Leur plus grande crainte ? « Si l’école de La Couarde devait fermer. En 2008, mon plus grand regret a été la fermeture d’une classe, on se bagarre pour cette école, on travaille au RPI (Regroupement pédagogique intercommunal) avec Saint-Martin, on fait des efforts importants en termes de logements, avec 27 nouveaux logements sociaux prévus à La Couarde et 25 à Saint-Martin, soit plus de cinquante nouveaux logements dans les trois ans. Une école est essentielle à la vie d’un village. »
Gisèle Vergnon est pour sa part « chagrinée » voire inquiète par la qualité de la restauration collective (scolaire, crèches, maisons de retraite, CDAIR) sur l’île de Ré.
Ouvrir une nouvelle page, sans regrets
Auront-ils des regrets, à l’heure de rendre leur écharpe de maire ? « J’ai du mal à regarder derrière, j’ai des projets personnels, je n’aurai pas de regrets », affirme le maire de La Couarde qui s’interroge toutefois sur l’évolution des moyens des collectivités, même sur l’île de Ré, même à la CdC. Pas de regrets non plus en perspective pour la maire de Sainte-Marie, qui espère surtout que l’île de Ré et sa CdC resteront « préservées » de la Communauté d’agglomération rochelaise. « Même si les élus rochelais nous disent que cela ne changerait rien, je crois tout le contraire et l’île de Ré perdrait à coup sûr son identité. »
Pour être un bon maire, à leurs yeux, il faut beaucoup d’écoute et d’humanisme, agir en son âme et conscience, savoir écouter et ensuite prendre les bonnes décisions, savoir dire non à des administrés mais aussi à des élus ou des collaborateurs.
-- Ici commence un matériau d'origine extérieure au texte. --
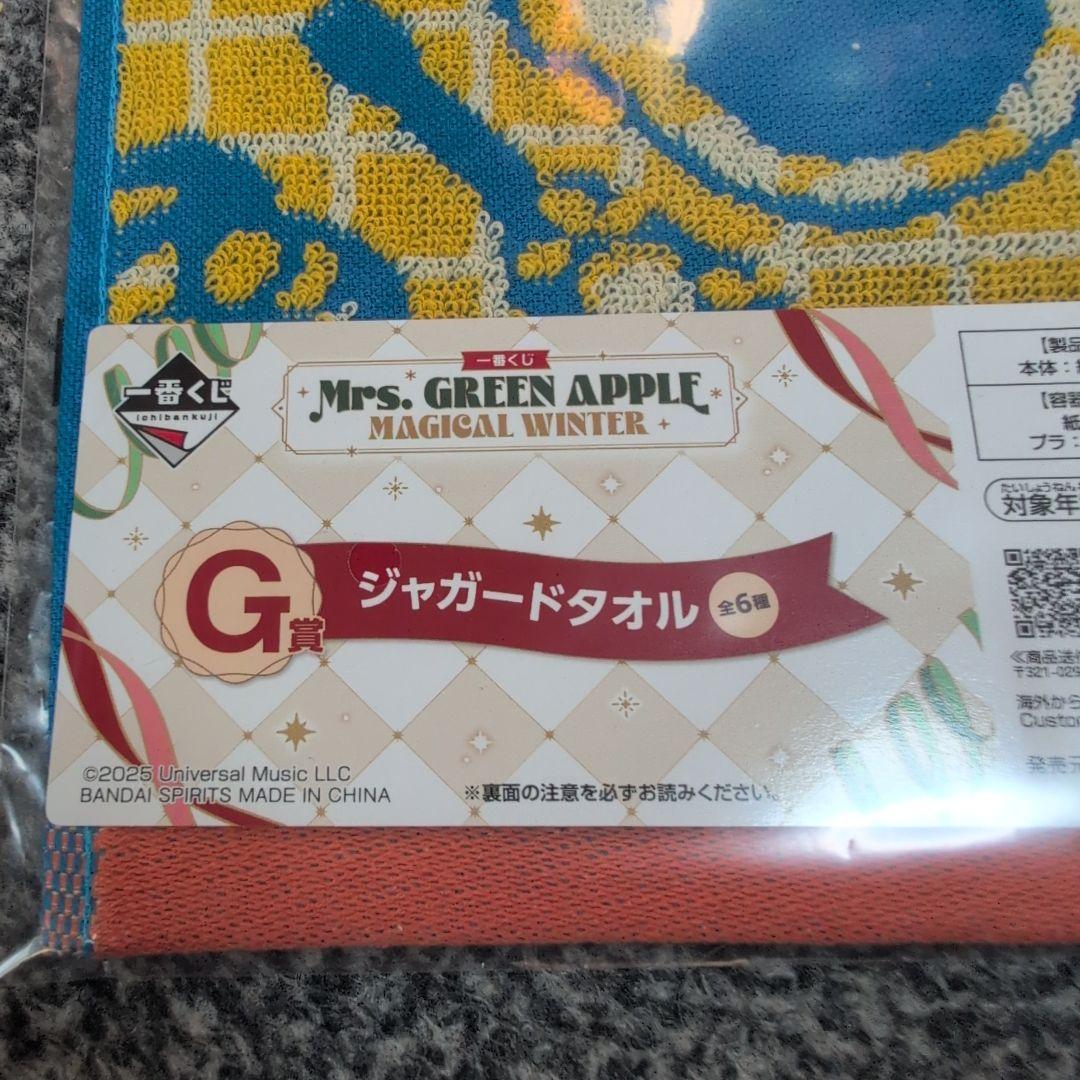Mrs. GREEN APPLE 一番くじ ぬいぐるみ 大森元貴 ジャガータオル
Et surtout ne pas attendre de remerciements. « Les reproches sont difficiles à encaisser sur le coup mais on passe vite à autre chose, on est là pour le regard collectif ! »
Une fois n’est pas coutume, Ré à la Hune remercie ces deux maires de leur disponibilité et de leur confiance souvent manifestée depuis 2008, notre journal (créé fin 2007) a grandi avec eux, les a observés, a témoigné de leurs actions et continuera son chemin, en espérant les croiser régulièrement au détour d’une venelle de village, sur un chemin de marais… ou au fil des mots qui remplissent nos pages.